Múltiplas condenações

Recorde-se que o “promotor” desta ação é o neonazi Mário Machado e não é a primeira vez que encabeça um evento desta natureza. Em 2005 foi também o promotor de uma manifestação xenófoba no Martim Moniz, que envolveu incidentes violentos.

Dos seus 47 anos, este autodenominado “nacionalista”  passou mais de um quarto em reclusão - exatamente 11 anos e oito meses, correspondentes às condenações, por dezenas de crimes, a mais de 15 anos de prisão efetiva.

Conforme um levantamento feito pelo DN em junho de 2023, por altura da sua última condenação conhecida -  pelo crime de incitamento ao ódio e à violência - acrescem a estes 11 anos várias penas de prisão cuja aplicação foi suspensa (como foi a referida: três anos de pena suspensa) e ainda diversas penas de multa.

Entre os crimes pelos quais foi, desde os anos 1990, condenado, contam-se ofensas à integridade física graves qualificadas, discriminação racial ou religiosa, roubo e roubo qualificado, sequestros, ameaças, coação, dano, difamação grave, extorsão, detenção ilegal de arma, detenção e tráfico de armas proibidas.

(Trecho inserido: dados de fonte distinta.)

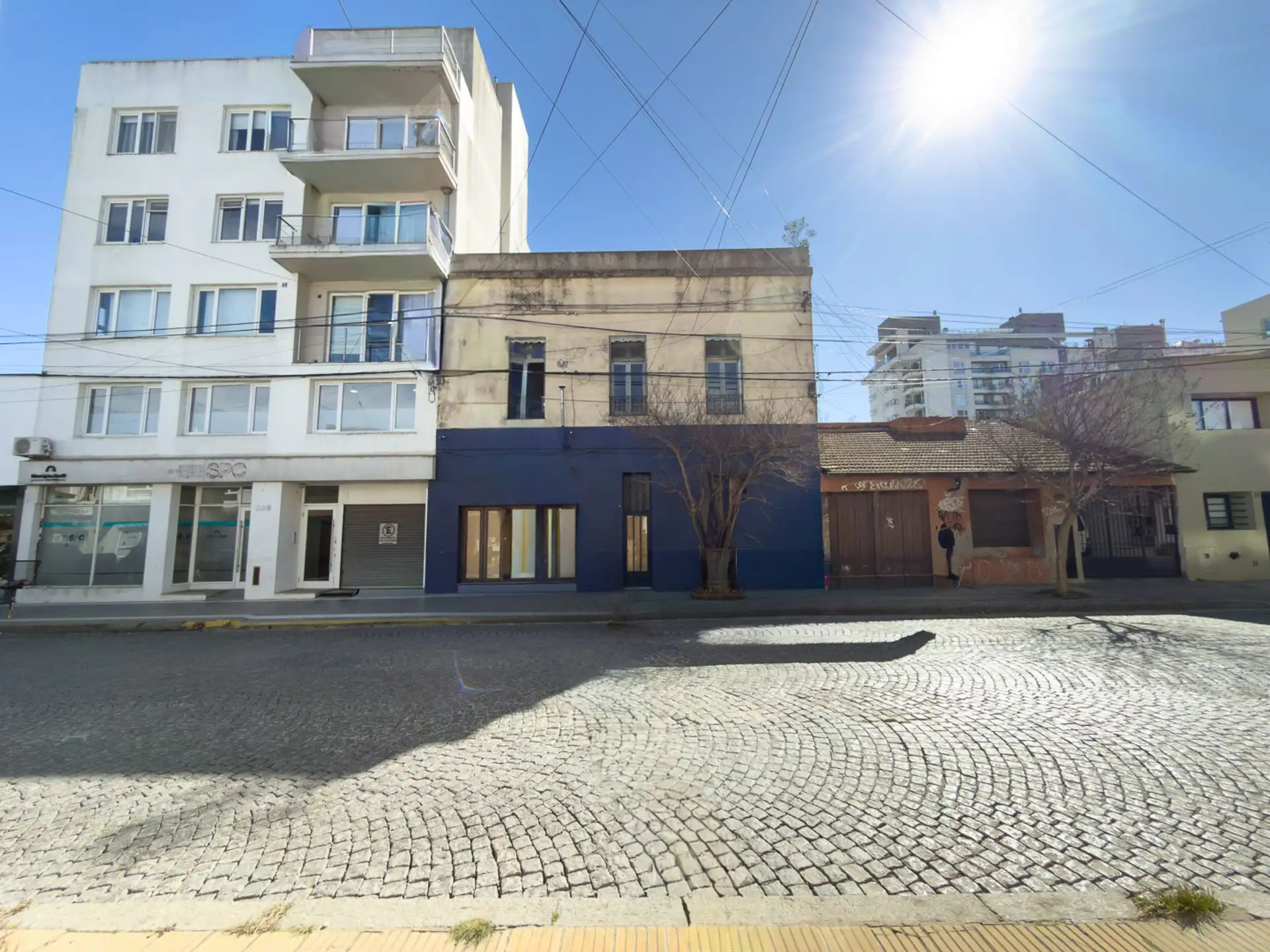 VENTA CASA CENTRO TANDIL LOTE APTO DESARROLLO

Não conformado com a decisão de Moedas, Machado  interpôs uma providência cautelar junto do Tribunal Administrativo invocando uma violação do direito à manifestação. Caso a decisão lhe seja favorável, a manifestação vai realizar-se naquele local que, do ponto de risco de segurança, foi classificado de “elevado risco”.  

“Por muito que tenham publicamente um discurso de que as manifestações são pacíficas, sempre arranjam um pretexto, seja em resposta a uma alegada provocação, ou outro, para a violência se instalar. Nem as autoridades policiais são poupadas”, assinala um analista das secretas.

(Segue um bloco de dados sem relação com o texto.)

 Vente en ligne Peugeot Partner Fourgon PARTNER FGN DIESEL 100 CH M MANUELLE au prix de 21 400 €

Uma constatação que bate certo com as intervenções de Mário Machado nos grupos de redes sociais onde tem promovido esta sua ação xenófoba. No “grupo 1143”, por exemplo, com 2000 seguidores, Machado promete que, serão  sempre cumpridos “ todos os pressupostos legais, pacificamente e ordeiramente”.

Além do pressupostos da análise da PSP, junta-se ainda outro, que preocupa significativamente as autoridades: no mesmo local organizações antirracistas e antifascistas, que os analistas ligam à extrema-esquerda, vão fazer um “arraial” para “celebrar a diversidade e a pluralidade contra o racismo e preconceito”. 

No já referido comunicado, a direção nacional da PSP “ressalva que continua a recolher informação e a acompanhar os desenvolvimentos referentes à iniciativa agendada para dia 3 de fevereiro, nomeadamente através de fontes abertas” e que “esta monitorização e recolha contínuas de informação permitem avaliar os potenciais riscos associados à iniciativa e planear a operação policial mais adequada às necessidades”. 

Lei anterior à Constituição

Para Teresa Violante  o parecer emitido pela PGR dá legitimidade jurídica à decisão de Carlos Moedas, mas não o obriga a decretar uma proibição que põe em causa um direito constitucionalmente protegido, que é o direito à manifestação.

“Tem uma base jurídica, mas é uma opção política”, vinca a constitucionalista, lembrando que o Estado tem o direito de salvaguardar o direito à segurança dos residentes do Martim Moniz, mas que o pode fazer sem restringir o direito à manifestação, por exemplo, alterando o local do protesto. “Não devemos excluir os direitos das pessoas por mais chocantes que nos pareçam e parecem”, declara.

Teresa Violante questiona “a prática reiterada” da administração pedir pareceres sobre direitos, liberdades e garantias ao Conselho Consultivo da PGR e não ao Tribunal Constitucional (TC).

De resto, o TC nunca foi chamado a pronunciar-se sobre o Decreto-Lei n.º 406/74, que foi feito antes da Constituição de 1976 e que, segundo juristas ouvidos pelo DN, suscita dúvidas de constitucionalidade, até no facto de ser um decreto a legislar sobre matéria que hoje se entende ser da competência exclusiva da Assembleia da República.

O parecer da PGR em que se respalda a decisão de Carlos Moedas foi emitido a pedido da então ministra da Modernização do Estado e da Administração Pública, Alexandra Leitão.

Na altura, a questão era a de perceber se Fernando Medina devia ou não ter enviado os dados de manifestantes russos em frente à embaixada da Rússia às autoridades russas. O parecer dava cobertura a essa decisão de Medina e foi homologado, tornando-se vinculativo para a administração pública.